Serial port redirection is available in Horizon 6 version 6.1.1 and later releases with Horizon Client for
Windows 3.4 and later releases.
After you install View Agent and set up the serial port redirection feature, the feature can work on your
remote desktops without further configuration. For example, COM1 on the local client system is redirected
as COM1 on the remote desktop, and COM2 is redirected as COM2, unless a COM port already exists on the
remote desktop. If so, the COM port is mapped to avoid conflicts. For example, if COM1 and COM2 already
exist on the remote desktop, COM1 on the client is mapped to COM3 by default. You do not have to
configure the COM ports or install device drivers on the remote desktops.
To make a redirected COM port active, a user selects the Connect option from the menu on the serial port
tool tray icon during a desktop session. A user can also set a COM port device to connect automatically
whenever the user logs in to the remote desktop. See “User Operation of Serial Port Redirection,” on
page 180.
You can configure group policy settings to change the default configuration. For example, you can lock the
settings so that users cannot change the COM port mappings or properties. You can also set a policy to
disable or enable the feature altogether. With an ADM template file, you can install serial port redirection
group policy settings in Active Directory or on individual desktops. See “Configuring Serial Port
Redirection Group Policy Settings,” on page 181.

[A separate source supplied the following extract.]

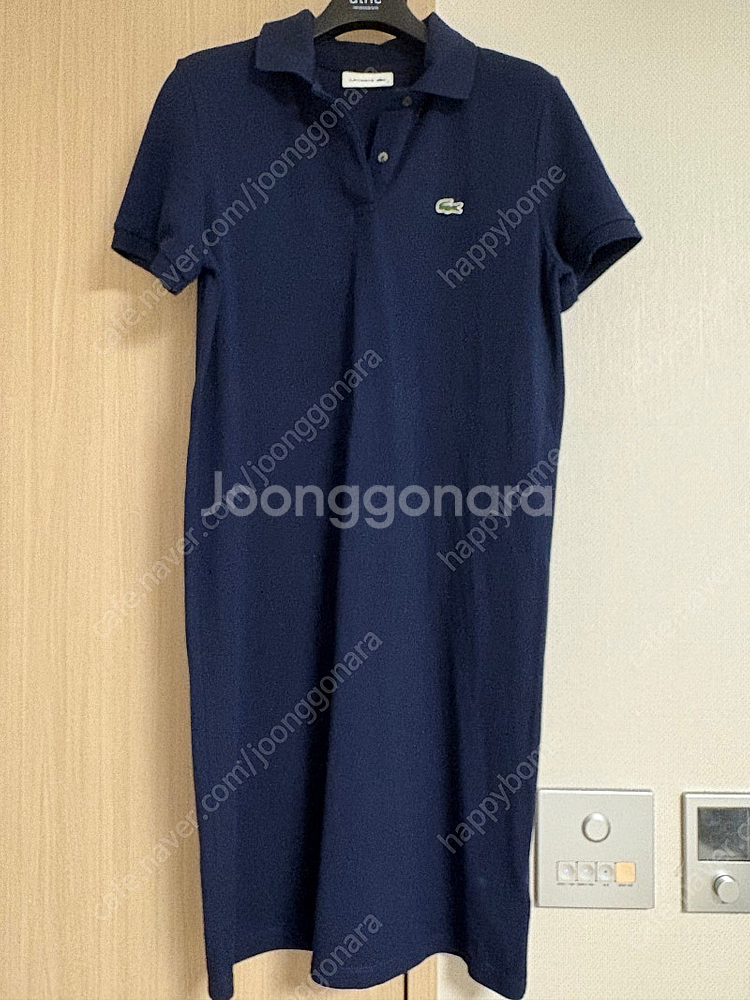 라코스테 원피스--0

When a redirected COM port is opened and in use on a remote desktop, you cannot access the port on the
local computer. Conversely, when a COM port is in use on the local computer, you cannot access the port on
the remote desktop.
Requirements for Serial Port Redirection
With this feature, users can redirect locally connected, serial (COM) ports, such as built-in RS232 ports or
USB to Serial adapters, to their remote desktops. To support serial port redirection, your View deployment
must meet certain software and hardware requirements.
View remote desktop
The remote desktops must have View Agent 6.1.1 or later installed with the
Serial Port Redirection setup option, on the parent or template virtual
machines. This setup option is deselected by default.
The following guest operating systems are supported on single-user virtual
machines:
n
32-bit or 64-bit Windows 7
n
32-bit or 64-bit Windows 8.x
n
32-bit or 64-bit Windows 10
n
Windows Server 2008 R2 configured as a desktop
n
Windows Server 2012 R2 configured as a desktop
This feature is not currently supported for Windows Server RDS hosts.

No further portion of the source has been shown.